┌─ MATERIAL PROVIDED

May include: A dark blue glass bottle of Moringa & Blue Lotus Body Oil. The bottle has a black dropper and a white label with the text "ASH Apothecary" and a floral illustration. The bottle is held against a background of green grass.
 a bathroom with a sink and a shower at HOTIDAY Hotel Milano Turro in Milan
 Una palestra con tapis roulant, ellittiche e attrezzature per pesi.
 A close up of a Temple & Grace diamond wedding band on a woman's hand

└─
┌─ MATERIAL PROVIDED

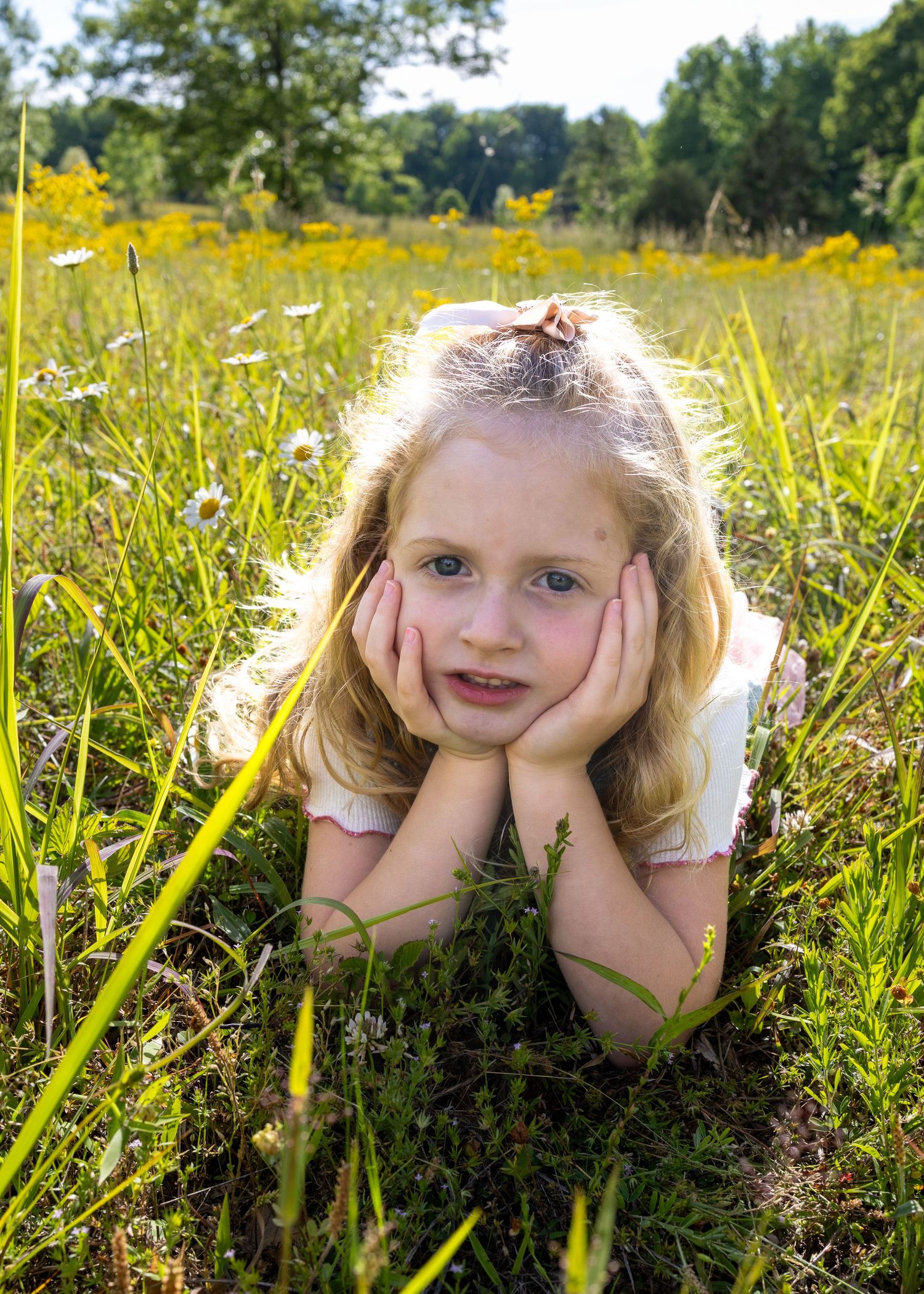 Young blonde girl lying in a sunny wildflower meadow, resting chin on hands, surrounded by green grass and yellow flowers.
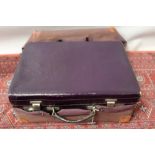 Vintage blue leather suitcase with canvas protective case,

└─

#### WORK INSTRUCTIONS:
Take the lines above from the one containing "Una palestra con" down to the one containing "A close up of", and transcribe them exactly, both ends included.

#### ANSWER BOX:
 Una palestra con tapis roulant, ellittiche e attrezzature per pesi.
 A close up of a Temple & Grace diamond wedding band on a woman's hand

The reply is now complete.